### [WORK TO BE COMPLETED]
Return every entry in full, with no alterations.

### [SUPPLIED RECORDS]
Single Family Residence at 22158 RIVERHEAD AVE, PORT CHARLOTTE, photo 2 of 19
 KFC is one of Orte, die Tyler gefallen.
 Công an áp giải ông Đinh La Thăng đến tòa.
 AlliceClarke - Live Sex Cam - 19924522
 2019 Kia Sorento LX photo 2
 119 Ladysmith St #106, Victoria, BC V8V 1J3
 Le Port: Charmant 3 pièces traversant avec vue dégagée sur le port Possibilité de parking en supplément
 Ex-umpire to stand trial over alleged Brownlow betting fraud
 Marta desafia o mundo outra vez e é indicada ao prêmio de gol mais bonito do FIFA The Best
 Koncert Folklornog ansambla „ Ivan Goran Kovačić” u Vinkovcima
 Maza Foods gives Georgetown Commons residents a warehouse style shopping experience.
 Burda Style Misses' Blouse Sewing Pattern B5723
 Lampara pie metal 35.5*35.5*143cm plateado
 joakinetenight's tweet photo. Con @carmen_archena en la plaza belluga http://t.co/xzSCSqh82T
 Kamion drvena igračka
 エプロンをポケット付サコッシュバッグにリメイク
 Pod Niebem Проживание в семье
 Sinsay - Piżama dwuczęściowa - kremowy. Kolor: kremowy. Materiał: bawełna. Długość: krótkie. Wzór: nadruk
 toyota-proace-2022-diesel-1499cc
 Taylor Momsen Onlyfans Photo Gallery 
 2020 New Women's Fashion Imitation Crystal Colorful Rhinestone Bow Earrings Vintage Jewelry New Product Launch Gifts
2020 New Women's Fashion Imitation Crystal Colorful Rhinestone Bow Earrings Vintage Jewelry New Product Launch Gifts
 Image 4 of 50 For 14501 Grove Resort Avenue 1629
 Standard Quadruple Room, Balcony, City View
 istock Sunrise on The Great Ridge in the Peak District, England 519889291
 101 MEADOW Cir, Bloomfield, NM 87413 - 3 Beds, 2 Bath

### [RESULT OF THE TASK]
Single Family Residence at 22158 RIVERHEAD AVE, PORT CHARLOTTE, photo 2 of 19
 KFC is one of Orte, die Tyler gefallen.
 Công an áp giải ông Đinh La Thăng đến tòa.
 AlliceClarke - Live Sex Cam - 19924522
 2019 Kia Sorento LX photo 2
 119 Ladysmith St #106, Victoria, BC V8V 1J3
 Le Port: Charmant 3 pièces traversant avec vue dégagée sur le port Possibilité de parking en supplément
 Ex-umpire to stand trial over alleged Brownlow betting fraud
 Marta desafia o mundo outra vez e é indicada ao prêmio de gol mais bonito do FIFA The Best
 Koncert Folklornog ansambla „ Ivan Goran Kovačić” u Vinkovcima
 Maza Foods gives Georgetown Commons residents a warehouse style shopping experience.
 Burda Style Misses' Blouse Sewing Pattern B5723
 Lampara pie metal 35.5*35.5*143cm plateado
 joakinetenight's tweet photo. Con @carmen_archena en la plaza belluga http://t.co/xzSCSqh82T
 Kamion drvena igračka
 エプロンをポケット付サコッシュバッグにリメイク
 Pod Niebem Проживание в семье
 Sinsay - Piżama dwuczęściowa - kremowy. Kolor: kremowy. Materiał: bawełna. Długość: krótkie. Wzór: nadruk
 toyota-proace-2022-diesel-1499cc
 Taylor Momsen Onlyfans Photo Gallery 
 2020 New Women's Fashion Imitation Crystal Colorful Rhinestone Bow Earrings Vintage Jewelry New Product Launch Gifts
2020 New Women's Fashion Imitation Crystal Colorful Rhinestone Bow Earrings Vintage Jewelry New Product Launch Gifts
 Image 4 of 50 For 14501 Grove Resort Avenue 1629
 Standard Quadruple Room, Balcony, City View
 istock Sunrise on The Great Ridge in the Peak District, England 519889291
 101 MEADOW Cir, Bloomfield, NM 87413 - 3 Beds, 2 Bath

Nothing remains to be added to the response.